# Stuck - Outer CV Boot Replacement 1990 U12 Nissan



## Digger11 (Aug 2, 2010)

I have a 1990 U12 Nissan Pintara TI- it is a 4 door with a 2.4l motor and LSD. i think it might be called a Stanza in the USA.

Anyway, it is an auto, and I am stuck whislt trying to remove the Outer CV joint.
I followed the guides written here, and have the axle removed from the hub. I think I then need to pull the Outer CV joing off the axle ??? I can't work out to do this - I don't really want to rmeove the inner joint from the transmission if I can help it.
The guide says to grab the end of the CV joint wiht one hand and strike the axle with the other - is the CV joint supposed to just pop off the axle or something ???
I have tugged and hit pretty hard, but all I seem to be doing is putting lots of pressure on the inner joint.

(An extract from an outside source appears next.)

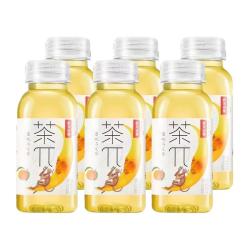 农夫山泉 茶π 蜜桃乌龙茶
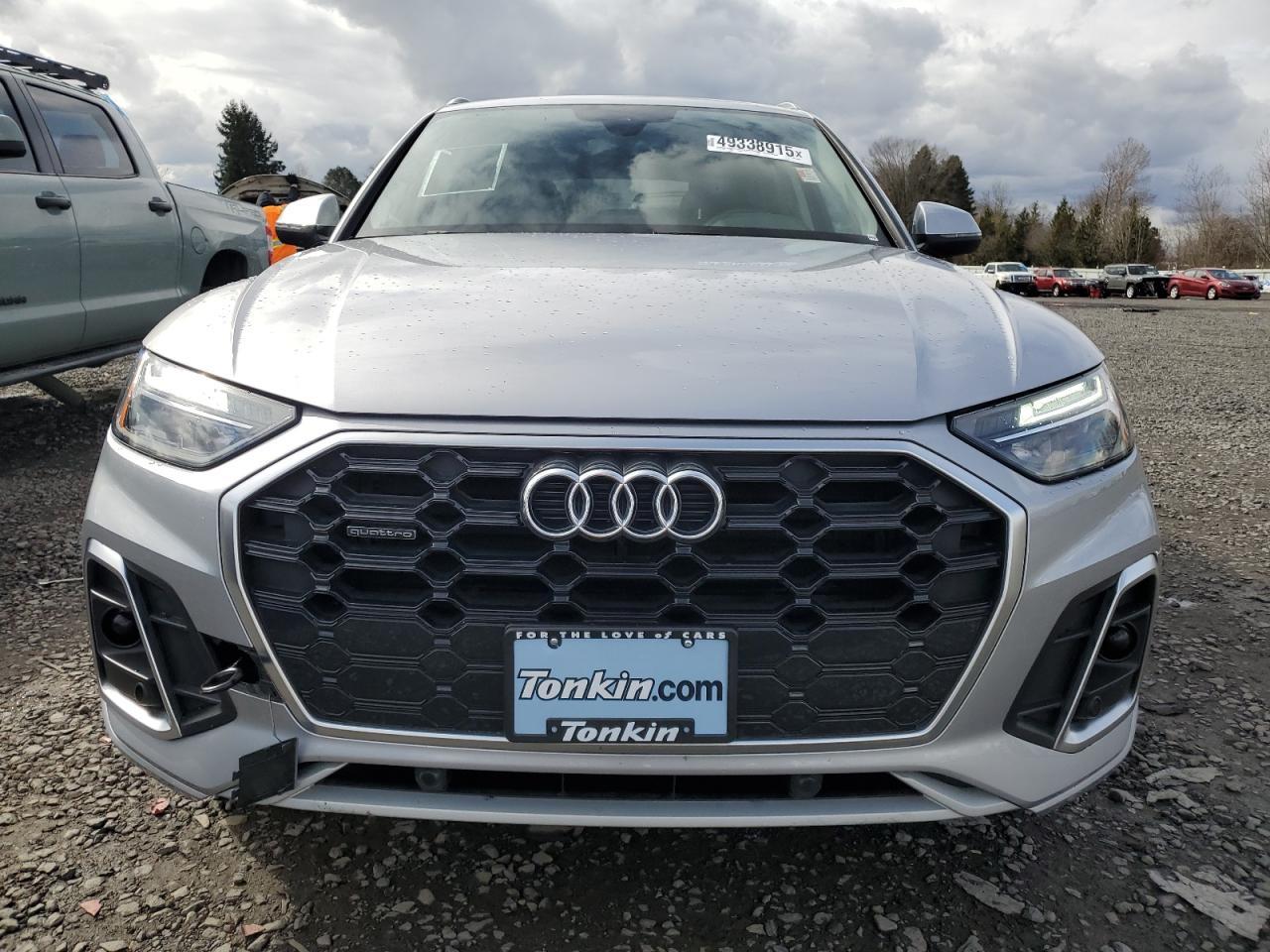 2022 AUDI Q5 PREMIUM - Фото 5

If someome else hs doen this job can you help me ? I can post pictures if that will assist.

thks Digger.,


----------



## Digger11 (Aug 2, 2010)

Just in case anyone reads this later - I ended up removong the whole axle - a couple of wacks with a big hammer and the CV joint pops off.
Note that on the RHS, there are 3 bolts that hold the axle in to the transmission - so don't start pulling without removing these.
Also, the auto trans fluid pours out everywhre when the axle is removed from the inner join - neater if it is drained 1st.
Also, no need to remove any balljoints or stuff - just the 2 big bolts that hold the shock tower to the axle.


----------